The thermal conductivity of the liquid will be fine and idle wattage isnt likely to come anywhere near to overcoming the ability for radiators to dissipate heat.
It's all inconsequential at idle anyway, especially if the fan profiles are dynamically configured against the fluid to ambient delta (as they should be really).
I wouldn't bother with a multi loop setup for what is a very vanilla custom loop configuration if temperature is the only consideration. If you are constantly changing GPU I can see the benefit of not needing to do a full drain and refill but otherwise it seems unecessarily complex.
Let assume his delta is 5C. Similar I managed using 3 x 360/45 rads.
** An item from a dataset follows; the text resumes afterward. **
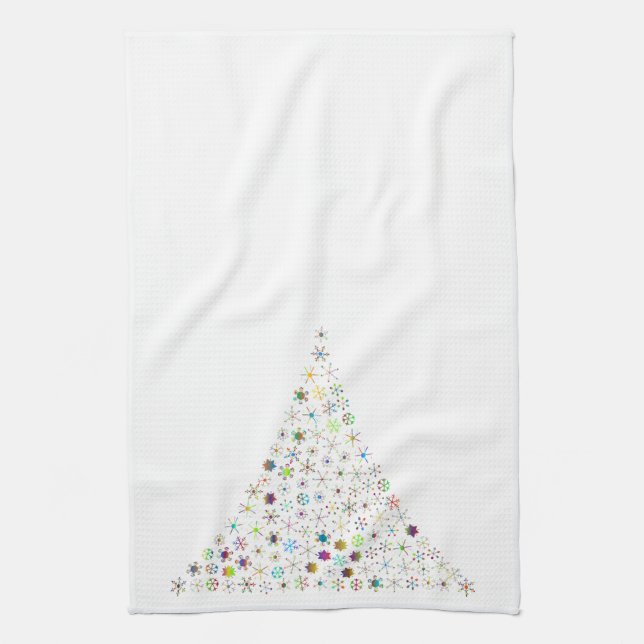 Sparkles and stars holiday tree kitchen towel (Vertical)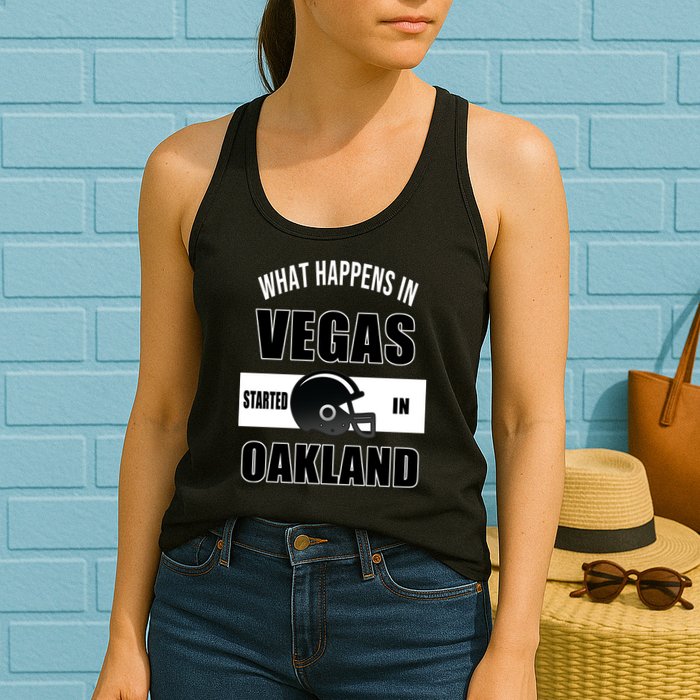 What Happens In Vegas started In Oakland Football Womens Tank Top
Adding the GPU, in idle, another 15-20W. Maybe 1C increase in delta. Under load, any Mid-high end GPU will dump another 200-300W in the loop. The question is how close his RAM is from throttling as it is now, as if coolant is at 40C, doesn’t mean the components being cooled will be close to it. GPUs, when good block and good contact is achieved tends to run closer to coolant temperature than CPUs and other components. If his actual coolant temperature is far from causing the RAM to throttle, adding the GPU should be fine. Just be aware that, even if the CPU won’t thermal throttle , it will idle at higher temperatures than now (despite the minimal increase from the GPU in the loop), and the temperature under load will be higher too, even if the loop is not struggling to cool everything. Dual loop can be a pain, extra cost for extra pump/reservoir, but isolating the CPU from the GPU will give you better temperature.
Just keep in mind that the best temperature is not the “needed” temperature.
My obsession with lower temperatures forced me to abandon water cooling as I spent more time/money changing parts than using the PC. It was my Lego.
The other consideration is loop order, as it won’t affect much, but I always used mine as pump/reservoir, bottom intake, GPU, top exhaust, CPU and back to pump/reservoir. Exhausting after the GPU helped the CPU slightly. Not a dealbreaker but as mentioned, obsession here. I was using thermal sensor before and after every radiator. In general won’t change a lot but was measurable.
Third Rad only needed if you want to lower your delta, when possible OFC. If delta is low already, and fans aren’t al high rpm, no point doing so.